> _WORK TO BE COMPLETED_
Every line from the one containing "Red converse" through the end of the data is to be copied exactly, and nothing outside that range.

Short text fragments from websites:
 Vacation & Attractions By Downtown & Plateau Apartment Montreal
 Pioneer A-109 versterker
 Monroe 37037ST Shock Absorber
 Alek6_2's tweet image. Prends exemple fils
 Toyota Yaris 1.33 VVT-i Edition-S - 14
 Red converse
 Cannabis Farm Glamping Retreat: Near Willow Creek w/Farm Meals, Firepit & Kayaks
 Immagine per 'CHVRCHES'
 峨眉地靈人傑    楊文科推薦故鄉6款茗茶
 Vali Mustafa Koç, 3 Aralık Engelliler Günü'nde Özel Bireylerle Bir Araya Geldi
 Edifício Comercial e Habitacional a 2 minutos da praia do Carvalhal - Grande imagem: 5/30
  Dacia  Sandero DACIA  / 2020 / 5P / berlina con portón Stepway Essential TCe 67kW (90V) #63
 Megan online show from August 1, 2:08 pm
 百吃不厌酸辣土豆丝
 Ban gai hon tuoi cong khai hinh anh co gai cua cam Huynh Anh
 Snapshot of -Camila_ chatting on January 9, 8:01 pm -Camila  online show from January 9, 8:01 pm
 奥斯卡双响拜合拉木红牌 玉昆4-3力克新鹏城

> _RESPONSE TO THIS EXERCISE_
 Red converse
 Cannabis Farm Glamping Retreat: Near Willow Creek w/Farm Meals, Firepit & Kayaks
 Immagine per 'CHVRCHES'
 峨眉地靈人傑    楊文科推薦故鄉6款茗茶
 Vali Mustafa Koç, 3 Aralık Engelliler Günü'nde Özel Bireylerle Bir Araya Geldi
 Edifício Comercial e Habitacional a 2 minutos da praia do Carvalhal - Grande imagem: 5/30
  Dacia  Sandero DACIA  / 2020 / 5P / berlina con portón Stepway Essential TCe 67kW (90V) #63
 Megan online show from August 1, 2:08 pm
 百吃不厌酸辣土豆丝
 Ban gai hon tuoi cong khai hinh anh co gai cua cam Huynh Anh
 Snapshot of -Camila_ chatting on January 9, 8:01 pm -Camila  online show from January 9, 8:01 pm
 奥斯卡双响拜合拉木红牌 玉昆4-3力克新鹏城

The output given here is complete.